*Task brief*:
Without the pictures, write the listing below out again, line for line.

===== Source material =====

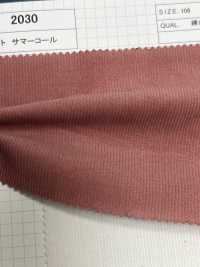 2030 Pana Luz Verano 22W[Fabrica Textil] Kumoi Beauty (Pana De Terciopelo Chubu) Foto secundaria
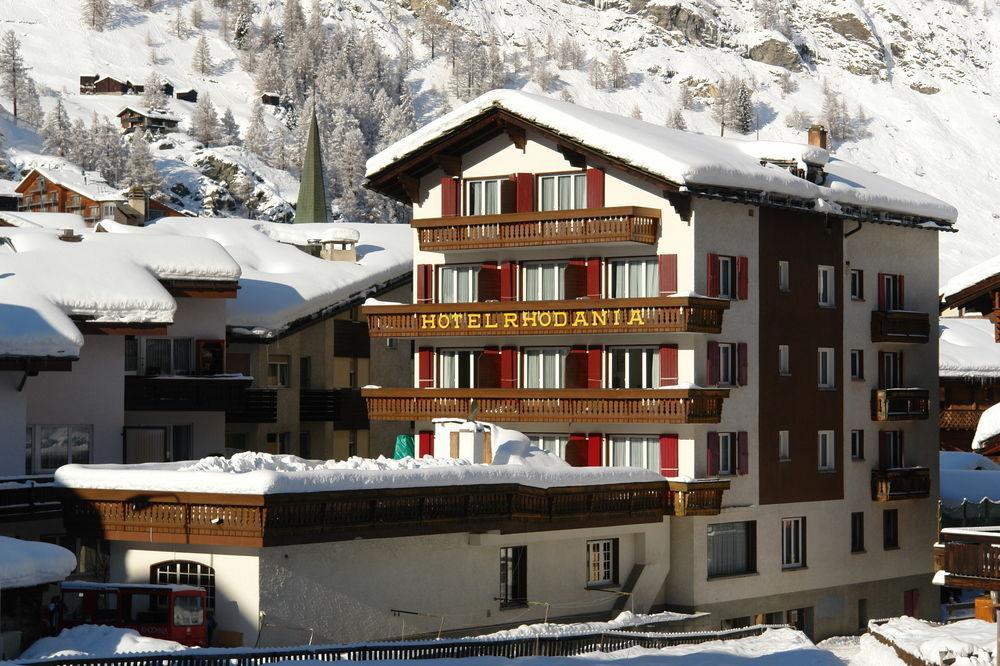 Hotel Rhodania Zermatt Dış mekan fotoğraf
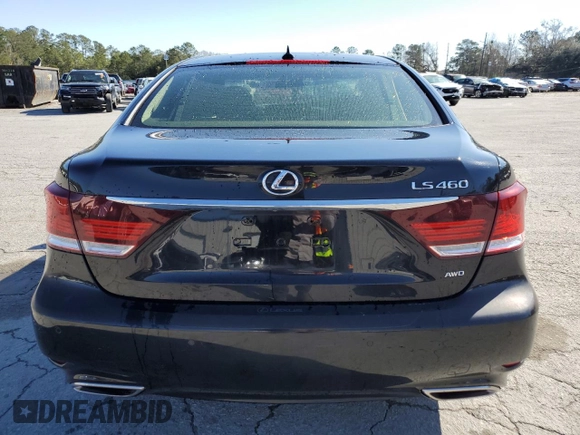 2013 Lexus LS 460 с VIN JTHCL5EF3D5018305, выставлен на аукционе Copart как лот 48299775 с пробегом 133 469 миль миль и Списание • Salvage title. История ставок и продаж доступна на DreamBid. Изображение 6.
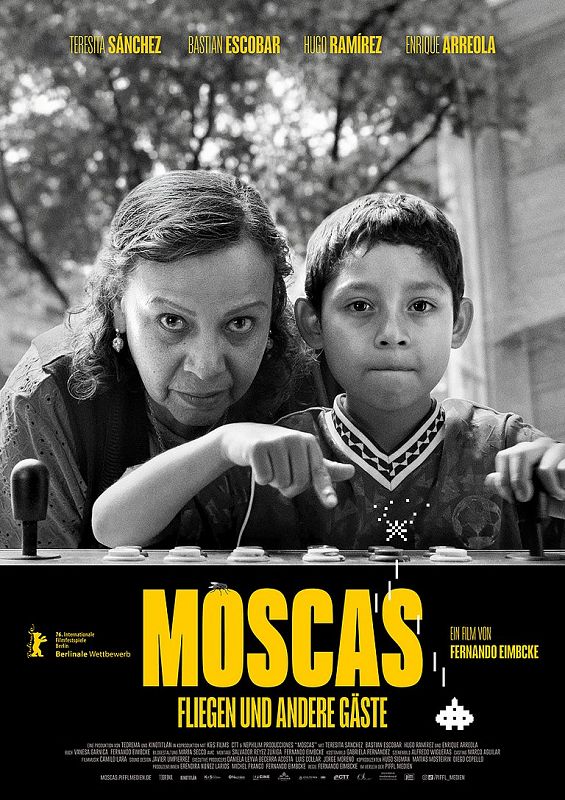 Moscas - Fliegen und andere Gäste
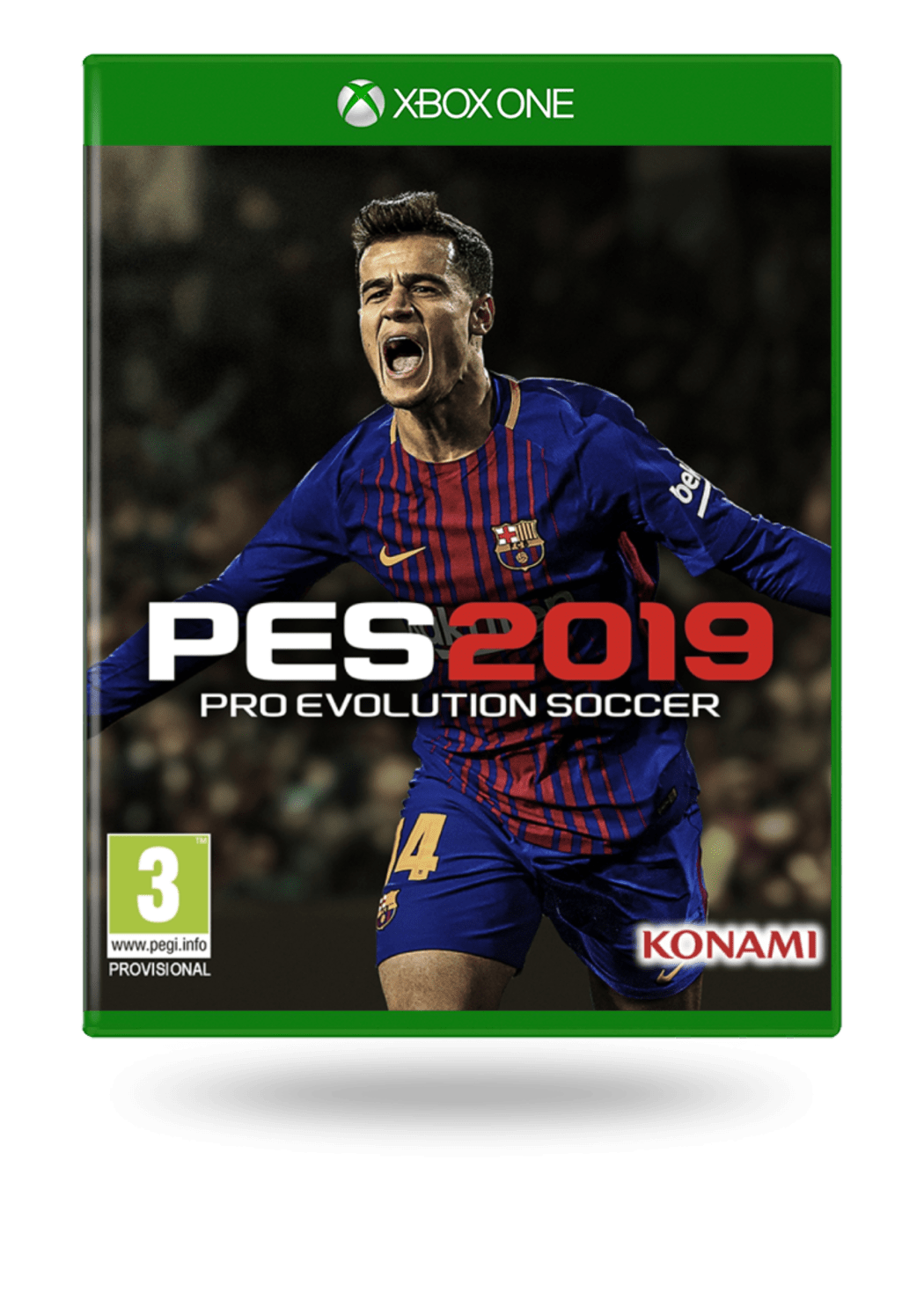 Buy PRO EVOLUTION SOCCER 2019 Xbox One CD! Cheap game price | ENEBA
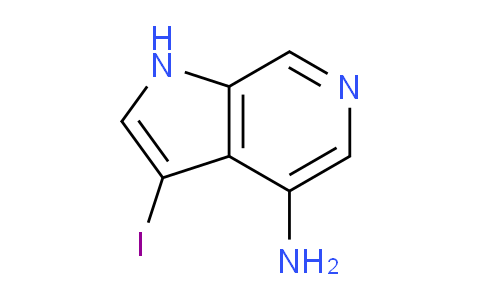 AM235008 | 1190315-50-4 | 3-Iodo-1H-pyrrolo[2,3-c]pyridin-4-amine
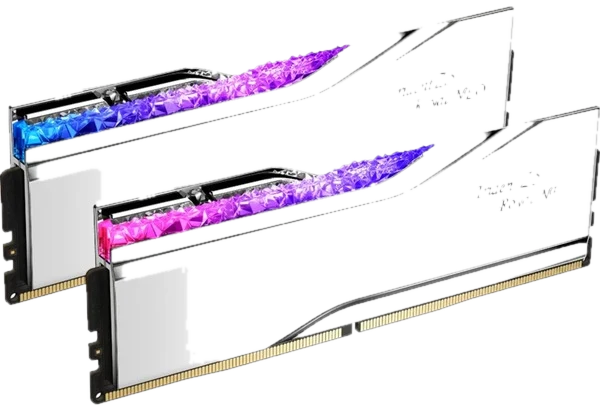 G.Skill DDR5 Trident Z5 Royal Neo RGB 2 x 16 GB 6000 MHz CL 28 Zilver F5-6000J2836G16GX2-TR5NS geheugenmodule
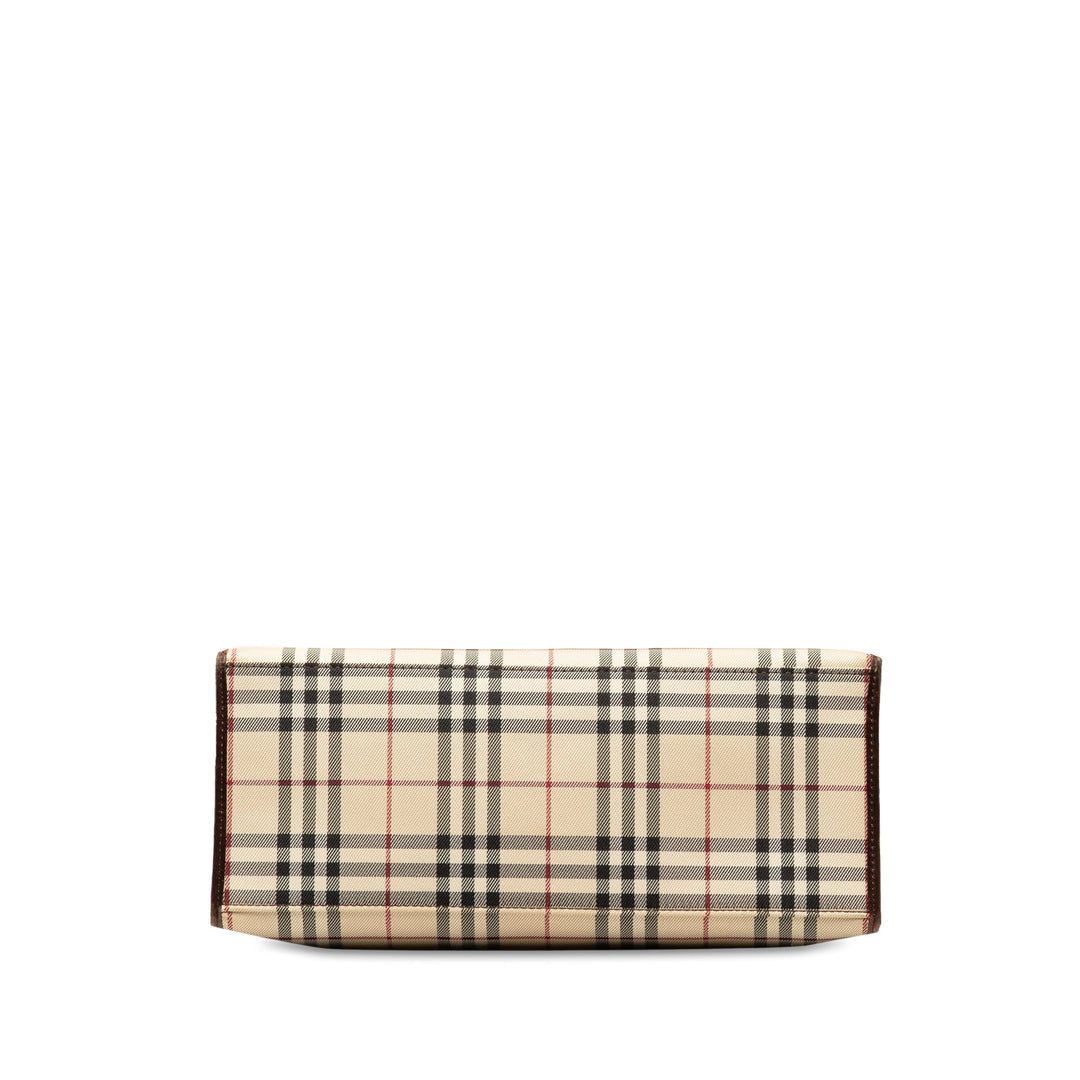 BURBERRY House Check Satchel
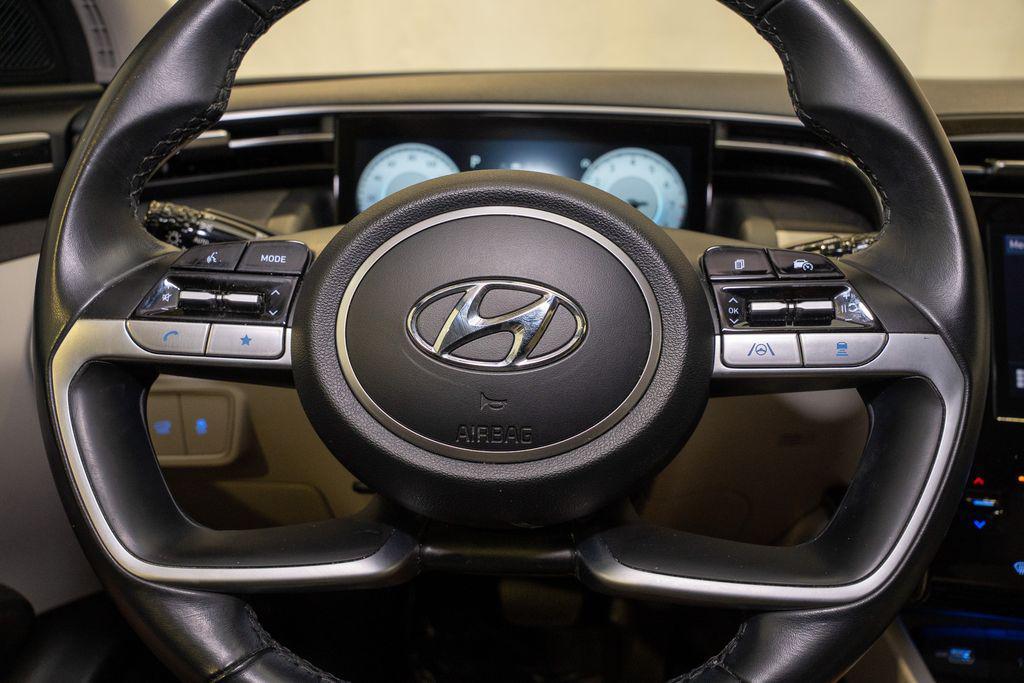 used 2023 Hyundai Tucson car, priced at $19,418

=====

*Answer*:
 2030 Pana Luz Verano 22W[Fabrica Textil] Kumoi Beauty (Pana De Terciopelo Chubu) Foto secundaria
 Hotel Rhodania Zermatt Dış mekan fotoğraf
 2013 Lexus LS 460 с VIN JTHCL5EF3D5018305, выставлен на аукционе Copart как лот 48299775 с пробегом 133 469 миль миль и Списание • Salvage title. История ставок и продаж доступна на DreamBid. Изображение 6.
 Moscas - Fliegen und andere Gäste
 Buy PRO EVOLUTION SOCCER 2019 Xbox One CD! Cheap game price | ENEBA
 AM235008 | 1190315-50-4 | 3-Iodo-1H-pyrrolo[2,3-c]pyridin-4-amine
 G.Skill DDR5 Trident Z5 Royal Neo RGB 2 x 16 GB 6000 MHz CL 28 Zilver F5-6000J2836G16GX2-TR5NS geheugenmodule
 BURBERRY House Check Satchel
 used 2023 Hyundai Tucson car, priced at $19,418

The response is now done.